Abolishing the Vetocracy

California has the power to abolish land use vetocracy. Much of the developed, democratic world approves housing development ministerially, or “by right”: If a proposed project conforms to local zoning, building codes, and other legal requirements, then civil servants issue building permits. Elected officials have no say over individual projects that comply with local rules.

A ministerial approval system is transparent. Civil servants approve or reject projects and document their rationales for public review. Developers don’t need to hire expensive lobbyists or donate to a city councilmember’s reelection campaign to get their projects approved; they just need to play by the rules.

Proponents of the community input process claim that it is more democratic than ministerial approvals and that the discretionary process empowers marginalized voices. But the social scientific consensus is that discretionary review grants disproportionate weight to the voice of an affluent minority. By contrast, a ministerial process is based on laws enacted by the public’s duly elected representatives. In choosing the final approvers of a city’s general plan—and participating in the drafting of that binding plan—the public actually gets a greater say in ministerial approvals. Community members can judge elected officials on the results of the plan, which drives democratic accountability. Furthermore, public input becomes easier and more accessible when a city holds large meetings to sign off on a single multiyear plan, rather than countless smaller town halls for each individual building proposal.
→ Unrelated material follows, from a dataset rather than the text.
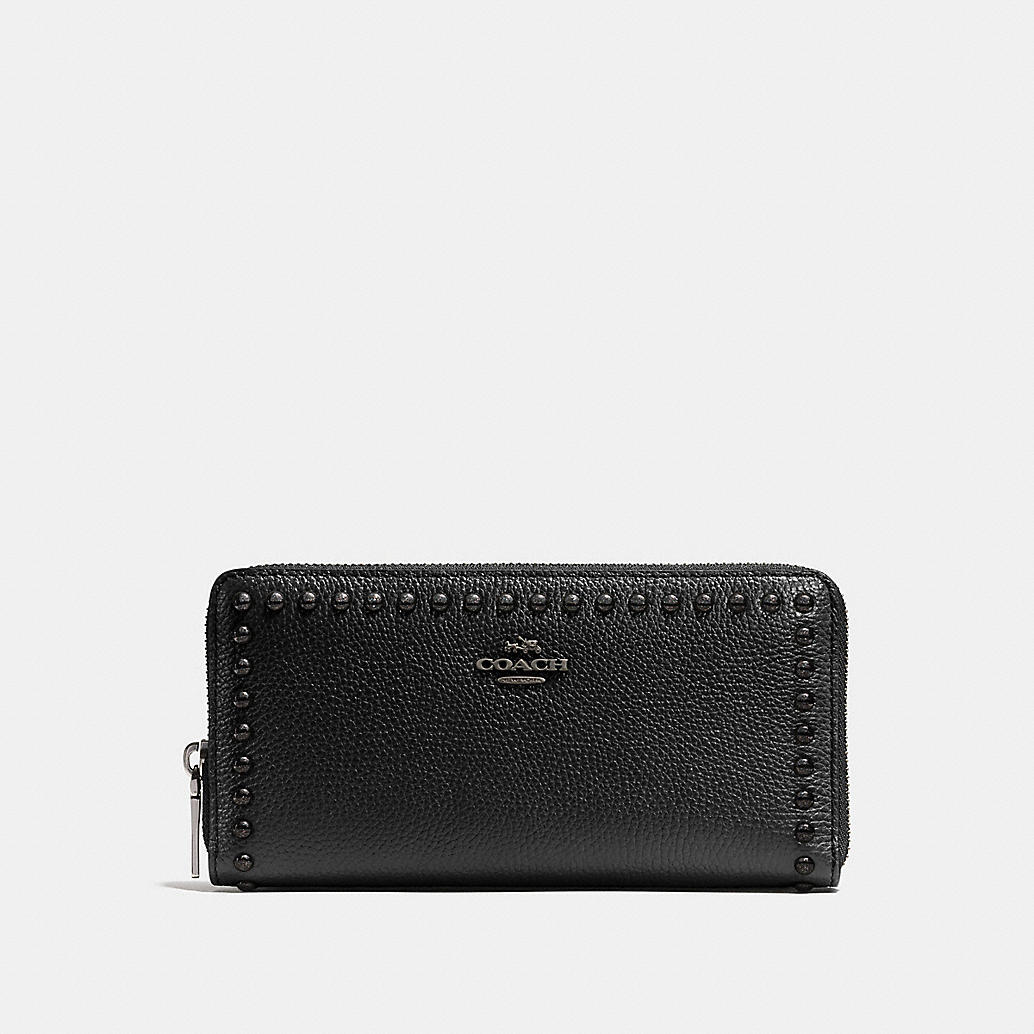 COACH Designer Wallets | Accordion Zip Wallet In Lacquer Rivets Pebble Leather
In a recent paper, Yale Law School professor Anika Singh Lemar proposes a helpful model for a democratic, discretionary land use regime. In Lemar’s system, public participation would be required during citywide planning, “including adoptions of and revisions to comprehensive plans, zoning codes, and zoning maps.” But approval of individual projects would be by right, sidestepping one of the primary obstacles to making our cities more inclusive and affordable.

Countries with well-functioning housing markets, like Germany, embrace by-right housing approvals. In fact, Germany makes it easy to get a housing permit, which contributes to the country’s remarkable housing price stability. England, on the other hand, is a lot like California. Everything is up for negotiation in England, and as a result, they have a crippling housing shortage and sky-high housing costs.
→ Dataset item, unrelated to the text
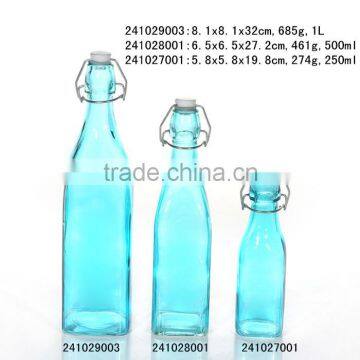 Set of 3 Colored Classic Glass Water Bottle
Building and financing affordable housing is also easier under a by-right system. Instead of subjecting developers to capricious demands for community benefits, such an arrangement could apply incentives to build subsidized affordable housing in a straightforward, consistent manner. Cities could approve zoning changes such as 100 percent affordable housing overlays (zoning changes that allow developers to build at greater heights or densities for buildings that will consist entirely of affordable units) or even fund the creation of social housing.

At California YIMBY (short for “Yes in My Backyard”), a common thread running through our work is our insistence on clear statewide rules, with some local flexibility, that emphasize equitable outcomes over incessant process. For example, California YIMBY’s push to legalize accessory dwelling units (ADUs), such as a freestanding garage that a homeowner has converted into a rental property, helped curtail local malfeasance and led to an explosion in ADU home building, which now accounts for about 25 percent of all permits in Los Angeles. An amendment to the Housing Accountability Act that we championed in 2017 has accelerated housing approvals while granting special benefits to 100 percent affordable housing projects.

As sky-high home prices, cost-burdened renters, and mass homelessness attest, we have a lot more work to do. That work won’t end until we accelerate home building at scale and ditch the discretionary housing-approval process. Those in need of affordable housing can’t wait.